Brad Keselowski indeed was No. 1 in 2012.
Congratulations to the new Sprint Cup champion Brad Keselowski and the No. 2 team, owned by Roger Penske, who now adds a Sprint Cup title to all of his other championships. This team had a heck of a season, culminating in a good 10-race run though "the Chase."
But one has to wonder if this title was less won by Keselowski and more lost by the No. 48 team and Jimmie Johnson.
Let's go back to the Phoenix race, the next to last race of the season. Johnson, who has won five of the last six championships, seemed to have this one within his grasp. Then, while running by himself, No. 48 inexplicably hit the wall. That was a "whoa" moment.
A "did-that-just-happen" moment.
What was so shocking about it? It was the championship-losing moment by a five-time champion. It was like Emmitt Smith fumbling on the goal line in the Super Bowl, or Mariano Rivera walking in the tying run with the bases loaded in the World Series.
You don't expect champions to do that.
Later, in Homestead, with Johnson leading the race and keeping pressure on the Keselowski team, he comes in for the last pit stop, and they screw it up by not getting on all the lug nuts. It's the last pit stop of the year, a possible championship is on the line, and the team makes a rookie mistake.

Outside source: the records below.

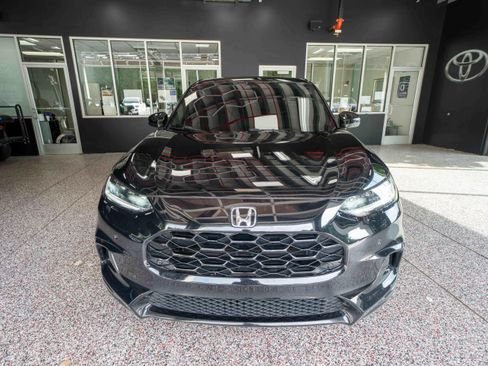 Used 2023 Honda HR-V EX-L image 6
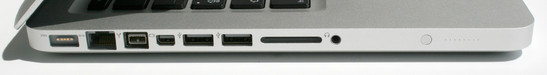 Linkerkant: MagSafe (stroom), Gigabit LAN, Firewire 800, mini display port, 2x USB 2.0, SD-kaartlezer, line-in (analoog/optisch) of analoge line-out, batterij status LED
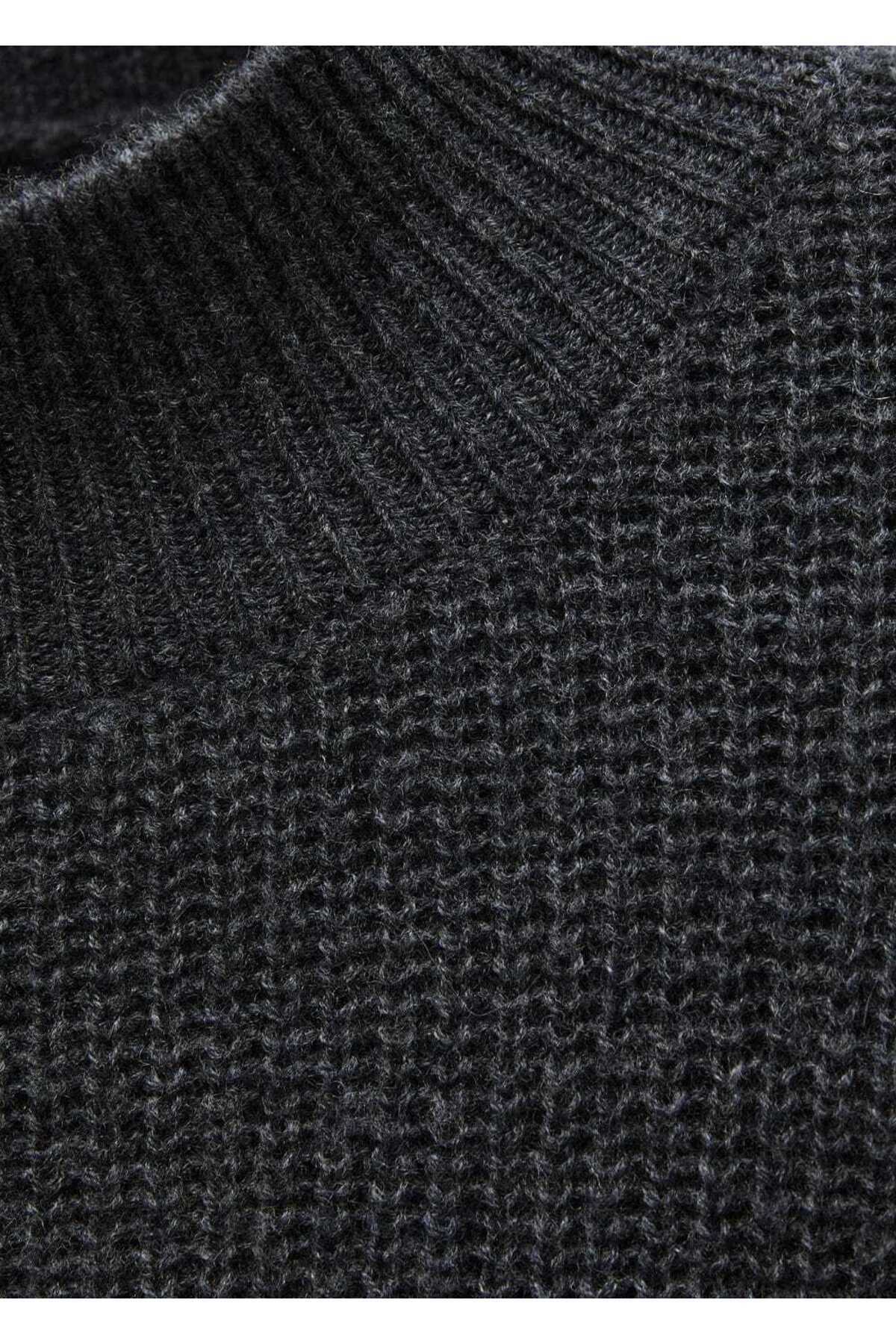 MANGO Woman-100% Wool Oversize Sweater 8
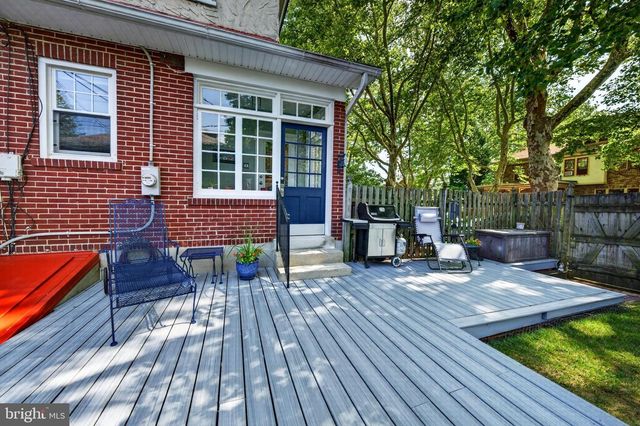 2051 W LIVINGSTON ST, Allentown, PA 18104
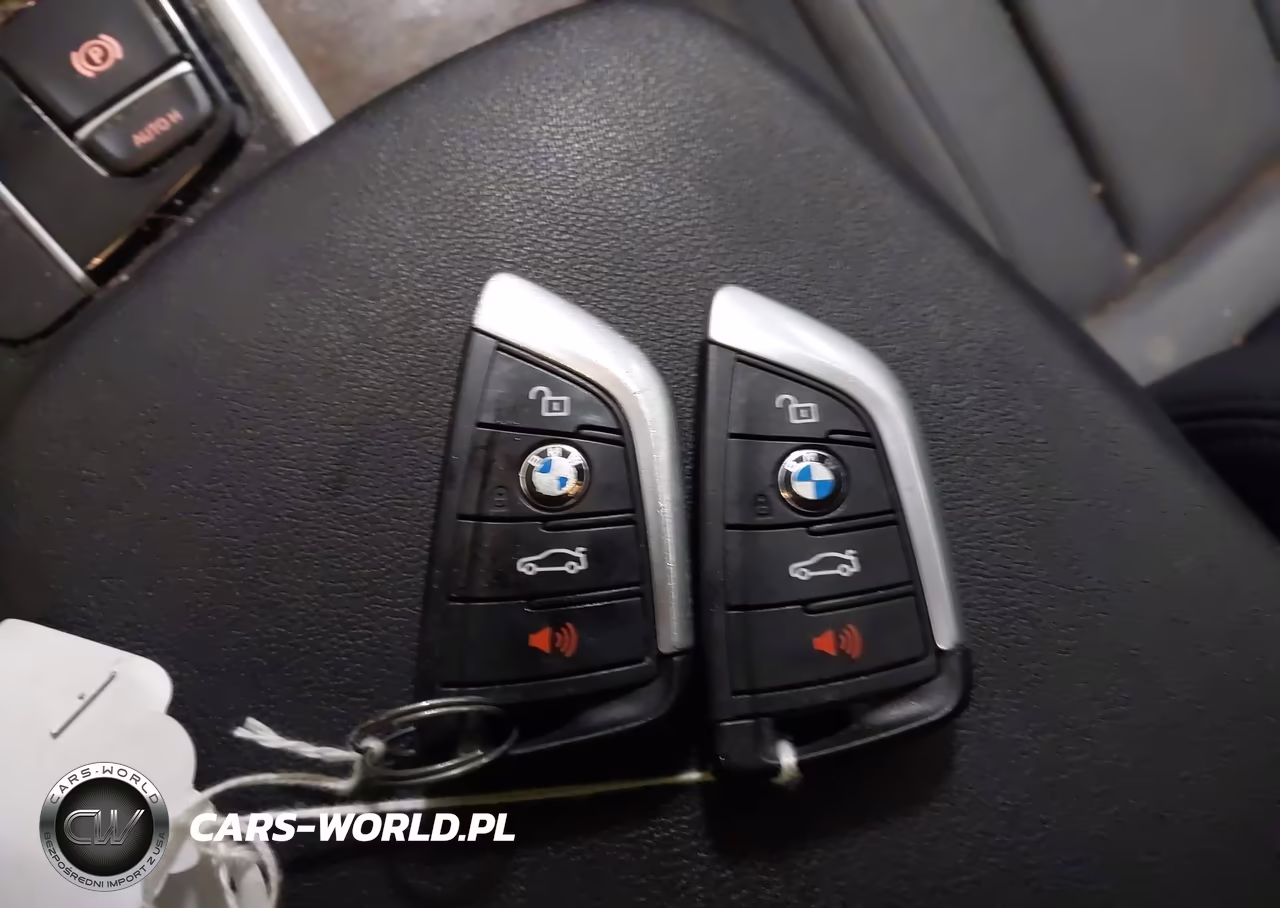 2018 BMW X3 xDrive30I VIN:5UXTR9C59JLD65440 - 11
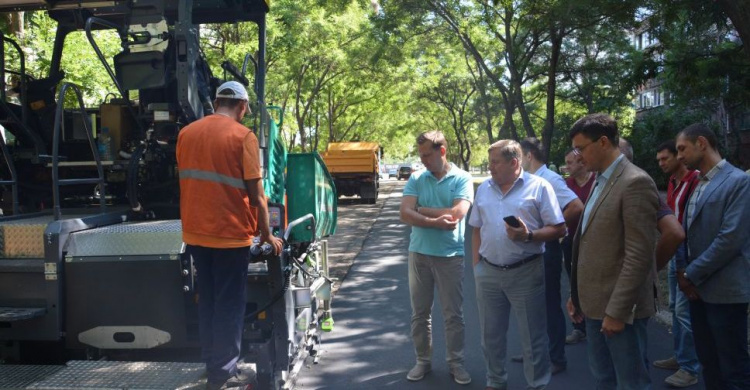 В Мариуполе 35 тыс. кв. м городских дорог покрыты ямочным ремонтом (ФОТО)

This shows how much goes into winning a championship and how easily one can get away. People appreciate that this team won five in a row, when it is so easy to have a cut tire or miss a lug nut, or go too fast down pit road, at the most inopportune time. But the fact that this team won five in a row makes it all the more surprising that they had this one practically in the bag and let it slip away.
Champions close. When they fail to close, it's big news.

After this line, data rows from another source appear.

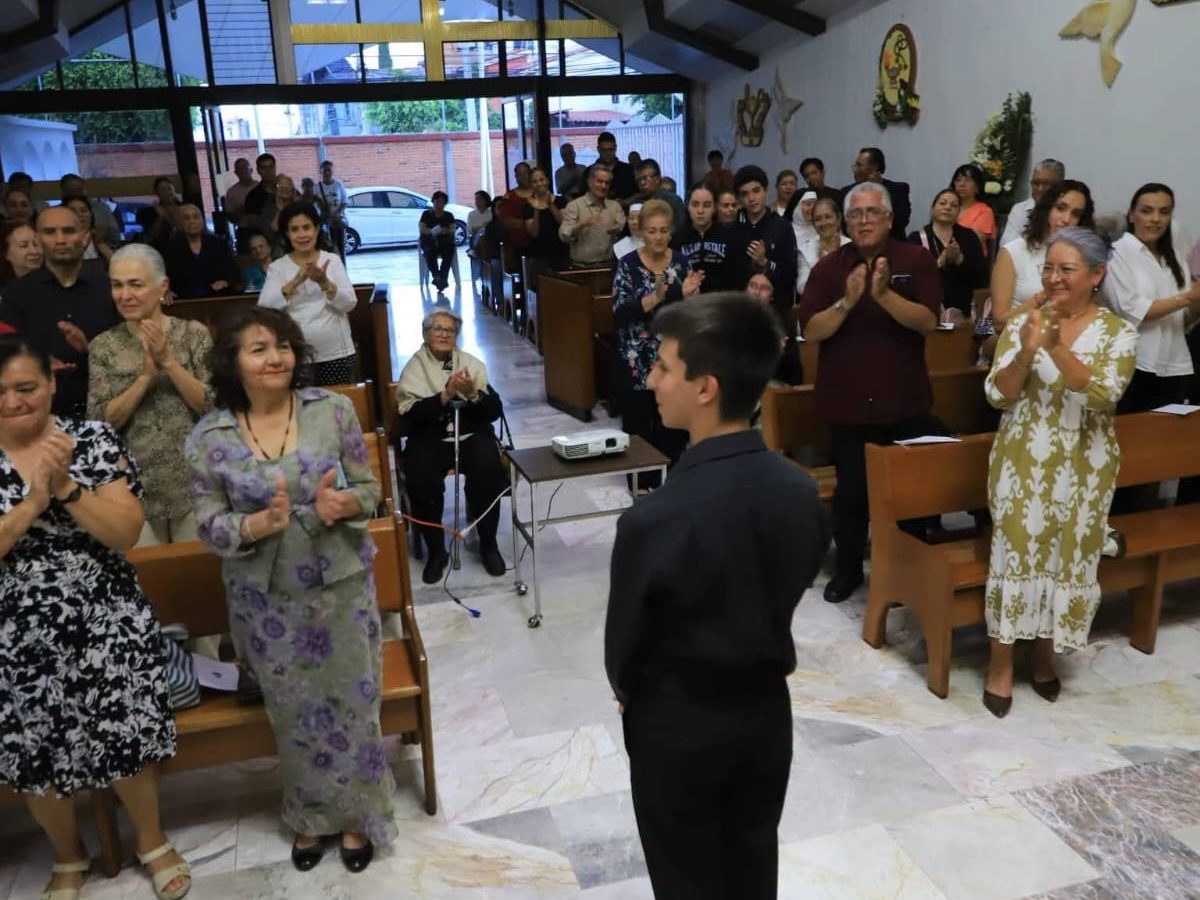 Josep María Solé Guerrero: Joven de 16 años debuta como organista en León 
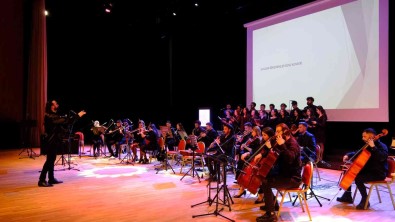 SCÜ'de Ögretmenler Günü Konseri Düzenlendi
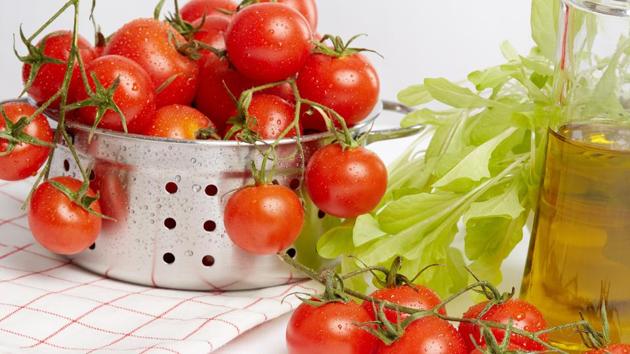 A Mediterranean diet includes large amounts of fruits, vegetables, olive oil, beans and cereal grains. (Shutterstock) A Mediterranean diet includes large amounts of fruits, vegetables, olive oil, beans and cereal grains. (Shutterstock)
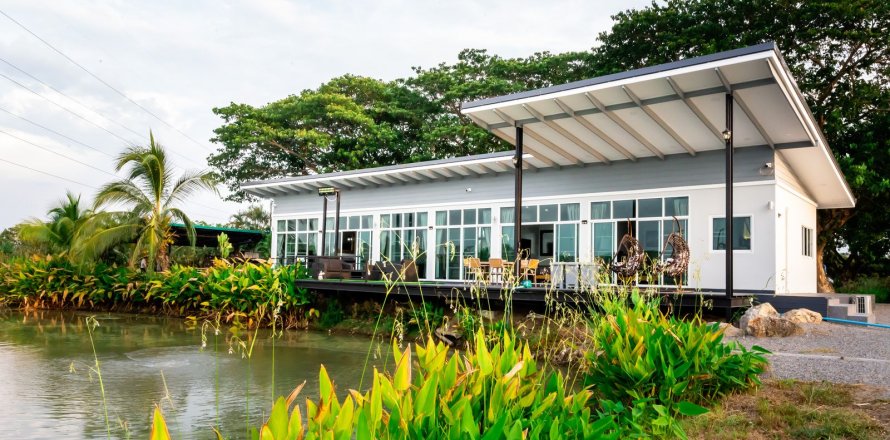 House in Chiang Mai, Thailand 3 bedrooms № 121904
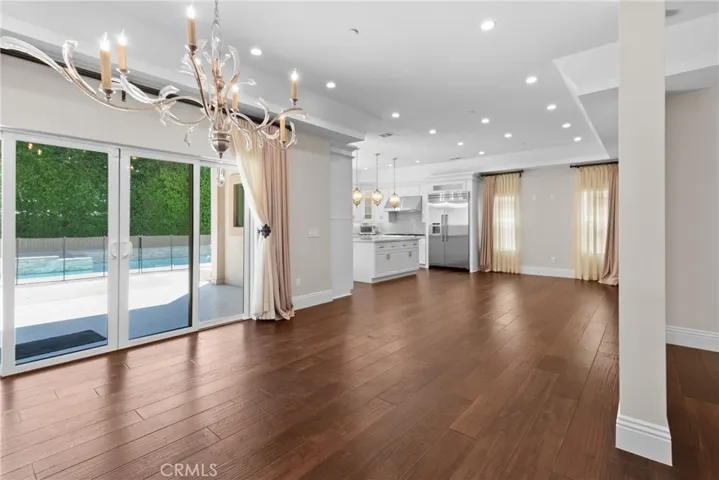 5016 Lindley Avenue, Encino, California 91316
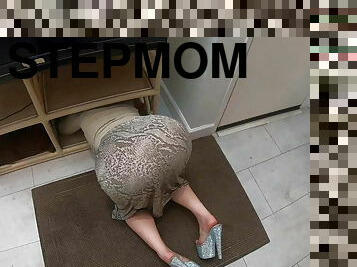 Stepmom's ass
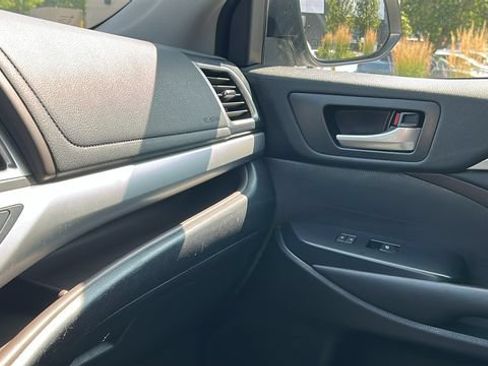 Used 2017 Toyota Highlander XLE AWD/4WD image 21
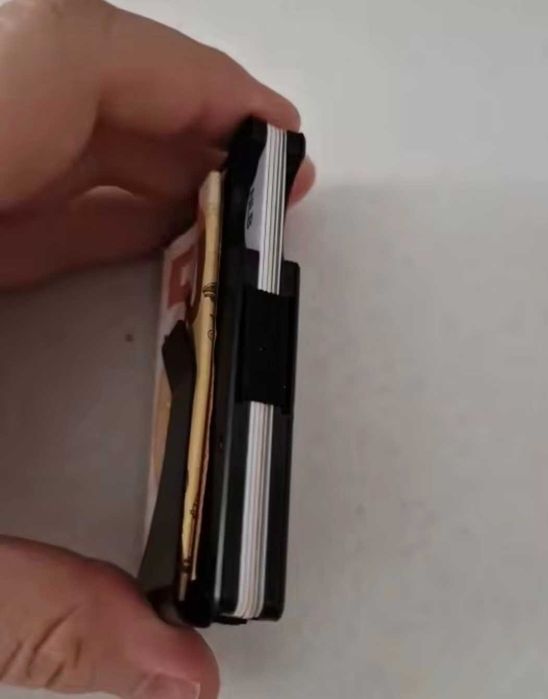 Минималистичен RFID портфейл „Левски 1914“ – Компактен и защитен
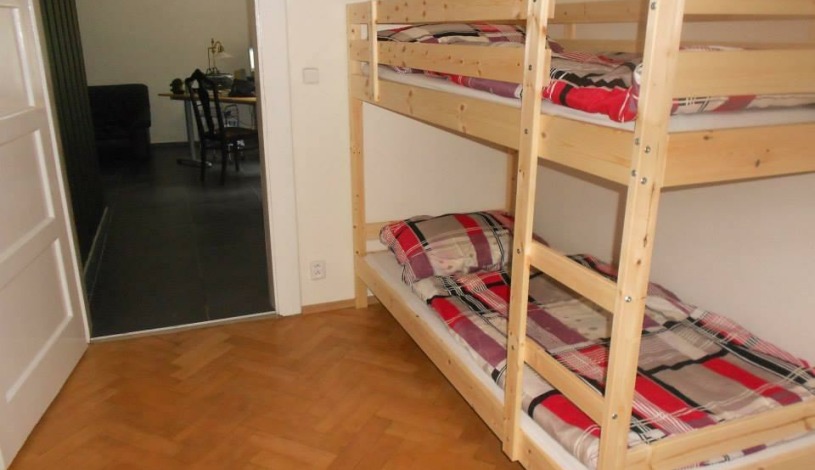 Hostel Fontána Praha - Lůžko v osmilůžkovém pokoji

It's nice to see new drivers get championships once in a while. Some may argue another Johnson win would have been bad for the sport. Maybe, maybe not. There's something great about watching records being broken. Even if you weren't rooting for it at the time, you can look back and appreciate it later.
Maybe this will all be forgotten after Johnson's career is over. Did Dale Earnhardt or Richard Petty ever give one away? Probably, but nobody remembers it. They remember the seven championships.
The athletes remember the ones that got away. If Johnson ends his career with six or seven titles, he'll think back on 2012 with a sick feeling.